Arrancou ontem, sexta-feira, a 13ª edição do Queer Lisboa, Festival de Cinema Gay e Lésbico. Já com um lugar marcado entre os principais eventos culturais de Lisboa, “a maior celebração de cultura queer do país” decorrerá até dia 26 de Setembro no Cinema São Jorge.

A longa-metragem de abertura foi “Morrer como um homem” de João Pedro Rodrigues em antestreia nacional, tendo sido exibido pela primeira vez no Festival de Cannes. A história de uma estrela do travestismo lisboeta que vê o mundo à sua volta desabar ao mesmo tempo que lida com o seu própria identidade sexual, de certo ponto de vista, indefinida.

Ao longo de uma semana poderemos assistir aos habituais filmes em competição, nas categorias de Melhor Longa-Metragem, Melhor Curta-Metragem e Melhor Documentário, mas também películas inseridas em outras secções do festival totalizando 95 filmes programados.

A Secção Panorama Longa-Metragem propõe-nos uma série de seis filmes que abordam a temática da descoberta sexual na juventude analisando a forma como foi sendo tratada no cinema ao longo dos tempos, a sua evolução.

Queer Art é o nome mais uma secção do festival, inaugurada na edição anterior, e que apresenta um programa dedicado à cinematografia experimental de carácter marginal. Dois programas dedicados ao trabalho de dois realizadores: Albert Sackl, austríaco e Michael Cox, dos Estados Unidos constituído por 3 documentários e uma ficção e um programa de curtas lésbico e outro gay, é o que podemos visionar nesta categoria. Também no âmbito do Queer Art podemos visitar a exposição Shocking Pinks comissariada por João Mourão e Nuno Ramalho.

João Lopes e Nuno Galopim “legendam” dois conjuntos de telediscos a propósito da secção Queer Pop. No primeiro programa podemos encontrar uma selecção dos últimos dois anos de cruzamento entre linguagem musical e estética audiovisual queer, no segundo assistimos a uma homenagem a dois grandes nomes da música francesa, Mylène Farmer e Zazie.
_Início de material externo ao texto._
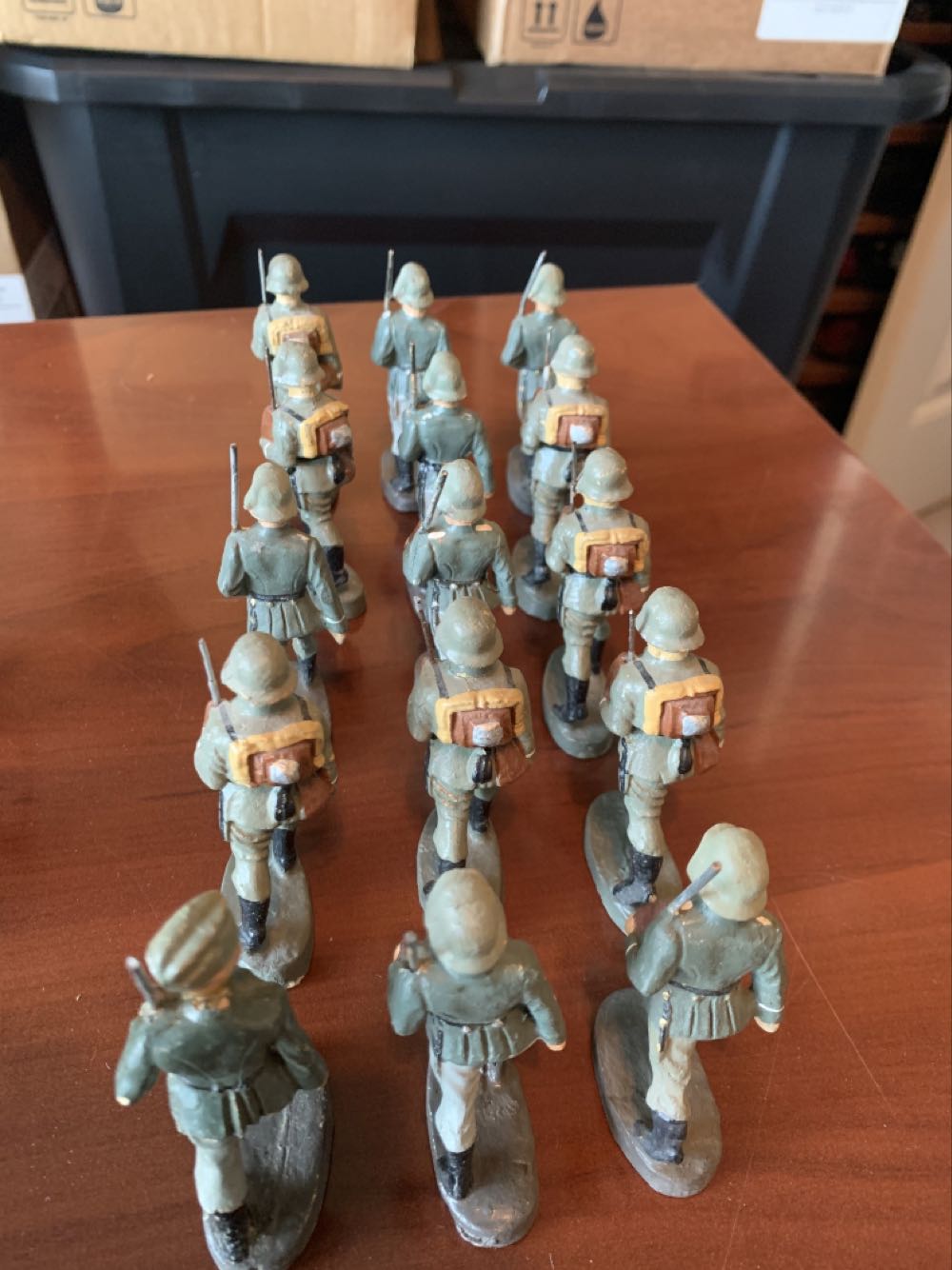 Elastolin German March Battle Attack - Unmarked action figure collectible - Main Image 3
Também em jeito de homenagem e ainda na secção Queer Pop, poderemos visionar dois documentários, um sobre a banda Pansy Division e outro sobre Arthur Russel.

Em Noites Hard serão exibidos filmes pornográficos gay e lésbicos, tendo como ponto de partida o papel fundamental que este assumiram e assumem na definição sexual de milhares de jovens. Este ano especial destaque para o conjunto de produções de carácter vintage e também a oportunidade de conhecer um conjunto de cineastas recentes que elevam este género a patamares superiores de experimentação visual e narrativa. Sempre depois da meia noite, na sala 1 do Cinema São Jorge.

A grande novidade deste ano é a criação do Espaço Lounge – Espaço Memória que pretende assinalar um conjunto de efemérides que se celebram em 2009. Os 25 anos da morte de António Variações, o 10º aniversário do falecimento de Amália Rodrigues, os 40 anos que passaram sobre os motins de Stonewall e morte de Judy Garland, os vinte anos da queda do muro de Berlim, o centenário de nascimento do pintor Francis Bacon e os 50 anos da morte do poeta António Boto são recordados em concertos, recitais de poesia, sessões de cinema, exposições e debates a acontecer neste novo espaço do Festival.

Este ano poderemos ainda contar, mais uma vez, com o Queer Market onde encontramos, para venda, vários livros e DVD’s de temática queer. O festival associa-se este ano ao lançamento de três DVD em Portugal: “The Living End, Fora da Lei e The Celluloid Closet”.
A Gala de Encerramento do Queer Lisboa 13 acontecerá no dia 26 às 22h horas onde serão apresentados os vencedores do festival e exibida a longa-metragem norte-americana “Were the World Mine”, uma comédia musical de Tom Gustafson.